The key difference is the question of compensation. Kaldor-Hicks does not require compensation to be paid, merely the possibility for compensation to take place, and thus does not necessarily make each party better off. Pareto efficiency does require making each party better off (or at least no worse off).

While all Kaldor-Hicks efficient situations are Pareto efficient, the reverse is not true. Conversely, though every Pareto improvement is a Kaldor-Hicks improvement, most Kaldor-Hicks improvements are not Pareto improvements.

The Kaldor and Hicks methods are typically used as tests of Pareto efficiency rather than efficiency goals themselves. They are used to determine whether an activity is moving the economy towards Pareto efficiency. Any change usually makes some people better off while making others worse off, so these tests ask what would happen if the winners were to compensate the losers. Using the Kaldor criterion an activity will contribute to Pareto optimality if the maximum amount the gainers are prepared to pay is greater than the minimum amount that the losers are prepared to accept. Under the Hicks criterion, an activity will contribute to Pareto optimality if the maximum amount the losers are prepared to offer to the gainers in order to prevent the change is less than the minimum amount the gainers are prepared to accept as a bribe to forgo the change.
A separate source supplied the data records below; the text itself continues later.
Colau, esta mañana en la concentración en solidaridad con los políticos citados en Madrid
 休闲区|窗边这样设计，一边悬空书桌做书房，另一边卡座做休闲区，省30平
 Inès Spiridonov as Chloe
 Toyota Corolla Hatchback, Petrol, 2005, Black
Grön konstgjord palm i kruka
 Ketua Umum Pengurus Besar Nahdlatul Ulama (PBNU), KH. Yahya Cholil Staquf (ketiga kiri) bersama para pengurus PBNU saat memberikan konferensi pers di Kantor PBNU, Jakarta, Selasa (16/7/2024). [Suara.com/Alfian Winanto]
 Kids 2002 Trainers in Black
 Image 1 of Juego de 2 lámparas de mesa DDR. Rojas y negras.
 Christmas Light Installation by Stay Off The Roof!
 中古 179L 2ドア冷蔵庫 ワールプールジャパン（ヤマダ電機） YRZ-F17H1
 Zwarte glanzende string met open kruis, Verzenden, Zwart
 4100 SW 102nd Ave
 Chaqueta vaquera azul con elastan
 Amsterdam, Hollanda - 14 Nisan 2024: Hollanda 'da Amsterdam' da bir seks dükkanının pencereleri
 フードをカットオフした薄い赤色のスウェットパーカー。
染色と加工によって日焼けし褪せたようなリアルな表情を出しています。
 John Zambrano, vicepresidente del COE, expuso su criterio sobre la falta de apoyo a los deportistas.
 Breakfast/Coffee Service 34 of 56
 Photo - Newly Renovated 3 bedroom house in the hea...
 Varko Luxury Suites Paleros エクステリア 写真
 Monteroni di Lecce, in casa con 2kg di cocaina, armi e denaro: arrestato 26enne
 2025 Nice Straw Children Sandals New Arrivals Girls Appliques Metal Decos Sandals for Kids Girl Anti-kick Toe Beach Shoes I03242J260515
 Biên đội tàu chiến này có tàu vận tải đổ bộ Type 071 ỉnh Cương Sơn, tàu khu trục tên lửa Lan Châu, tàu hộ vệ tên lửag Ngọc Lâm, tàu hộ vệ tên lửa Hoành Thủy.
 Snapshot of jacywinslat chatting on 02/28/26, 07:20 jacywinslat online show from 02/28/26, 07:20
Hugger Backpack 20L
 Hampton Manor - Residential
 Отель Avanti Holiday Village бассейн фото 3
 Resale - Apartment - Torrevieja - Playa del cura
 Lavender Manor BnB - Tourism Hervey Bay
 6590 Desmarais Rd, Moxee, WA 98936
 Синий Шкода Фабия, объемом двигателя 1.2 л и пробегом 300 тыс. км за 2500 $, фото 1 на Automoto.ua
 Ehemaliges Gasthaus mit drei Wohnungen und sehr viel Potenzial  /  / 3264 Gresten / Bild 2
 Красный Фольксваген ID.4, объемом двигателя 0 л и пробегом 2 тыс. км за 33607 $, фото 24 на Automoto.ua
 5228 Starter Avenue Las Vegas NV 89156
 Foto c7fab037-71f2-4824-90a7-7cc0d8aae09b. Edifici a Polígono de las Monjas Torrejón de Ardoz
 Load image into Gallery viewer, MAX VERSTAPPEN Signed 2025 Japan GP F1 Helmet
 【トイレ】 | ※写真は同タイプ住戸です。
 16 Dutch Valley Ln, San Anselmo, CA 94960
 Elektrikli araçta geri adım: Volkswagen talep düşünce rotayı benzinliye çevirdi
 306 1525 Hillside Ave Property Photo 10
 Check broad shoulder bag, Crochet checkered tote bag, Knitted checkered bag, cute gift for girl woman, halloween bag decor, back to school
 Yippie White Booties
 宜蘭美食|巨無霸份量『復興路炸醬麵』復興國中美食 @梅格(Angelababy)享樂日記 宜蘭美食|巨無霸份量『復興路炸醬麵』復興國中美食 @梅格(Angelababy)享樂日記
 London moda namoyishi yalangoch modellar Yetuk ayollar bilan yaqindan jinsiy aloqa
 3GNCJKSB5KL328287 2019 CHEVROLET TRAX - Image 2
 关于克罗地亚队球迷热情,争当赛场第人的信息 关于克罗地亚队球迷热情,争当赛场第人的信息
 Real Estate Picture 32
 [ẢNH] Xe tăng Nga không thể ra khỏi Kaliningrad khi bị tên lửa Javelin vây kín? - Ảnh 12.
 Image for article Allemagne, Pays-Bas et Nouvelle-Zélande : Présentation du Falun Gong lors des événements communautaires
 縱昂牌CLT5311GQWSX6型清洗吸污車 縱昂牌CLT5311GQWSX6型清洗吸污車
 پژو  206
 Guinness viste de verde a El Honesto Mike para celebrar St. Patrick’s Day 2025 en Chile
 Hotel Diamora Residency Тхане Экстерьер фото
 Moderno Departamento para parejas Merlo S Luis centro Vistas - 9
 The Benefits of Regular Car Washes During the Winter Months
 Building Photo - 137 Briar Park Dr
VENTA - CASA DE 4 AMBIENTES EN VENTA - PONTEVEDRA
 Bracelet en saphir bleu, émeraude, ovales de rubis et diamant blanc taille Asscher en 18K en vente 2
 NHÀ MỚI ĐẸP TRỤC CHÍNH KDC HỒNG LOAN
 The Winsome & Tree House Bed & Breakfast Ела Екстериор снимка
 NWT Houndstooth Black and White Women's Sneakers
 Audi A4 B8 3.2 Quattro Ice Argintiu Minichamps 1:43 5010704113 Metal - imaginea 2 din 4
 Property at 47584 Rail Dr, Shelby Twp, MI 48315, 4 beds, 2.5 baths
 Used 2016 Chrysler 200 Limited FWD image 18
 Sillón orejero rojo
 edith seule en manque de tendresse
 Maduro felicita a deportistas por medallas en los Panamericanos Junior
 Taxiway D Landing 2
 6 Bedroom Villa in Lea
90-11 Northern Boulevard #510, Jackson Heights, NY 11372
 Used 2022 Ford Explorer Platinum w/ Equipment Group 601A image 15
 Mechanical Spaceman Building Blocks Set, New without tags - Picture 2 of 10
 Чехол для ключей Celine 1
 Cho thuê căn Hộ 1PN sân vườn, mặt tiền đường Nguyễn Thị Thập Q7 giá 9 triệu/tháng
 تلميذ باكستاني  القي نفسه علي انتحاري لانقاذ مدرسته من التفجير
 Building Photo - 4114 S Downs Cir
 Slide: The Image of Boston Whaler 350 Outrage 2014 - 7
The Hicks compensation test is from the losers point of view, while the Kaldor compensation test is from the gainers point of view. If both conditions are satisfied, both gainers and losers will agree that the proposed activity will move the economy toward Pareto optimality (referred to as the Scitovsky criteria).

The Kaldor-Hicks criterion is widely applied in welfare economics and managerial economics. For example, it forms an underlying rationale for cost-benefit analysis. In cost benefit analysis, a project (for example a new airport) is evaluated by comparing the total costs, such as building costs and environmental costs, with the total benefits, such as airline profits and convenience for travellers.

The project would typically be given the go-ahead if the benefits exceed the costs. This is effectively an application of the Kaldor-Hicks criterion, because it is equivalent to requiring that the benefits should be enough that those that benefit could in theory compensate those that have lost out. The criterion is used because it is argued that it is justifiable for society as a whole to make some worse off if this means a greater gain for others.

Criticisms

One problem with the K-H criteria is that it will conclude that any change that results in an increase in income will lead to Pareto optimality. Further, this Pareto optimality will result, no matter what the income distribution consequences of the change are.

A related problem is that any social welfare functions based on K-H criteria are cardinal in nature, and therefore suffer from the aggregation problems associated with discrepancies between the marginal value of money of rich and poor people.

At a more technical level, various versions of the K-H criteria lack desirable formal properties. For instance, Tibor Scitovsky demonstrated that the Kaldor criterion alone is not symmetric: it's possible to have a situation where an outcome A is an improvement (according to the Kaldor criterion) over outcome B, but B is also an improvement over A. The combined Kaldor-Hicks criterion does not have this problem, but it can be non-transitive (A may be an improvement over B, and B over C, but A may not be an improvement over C).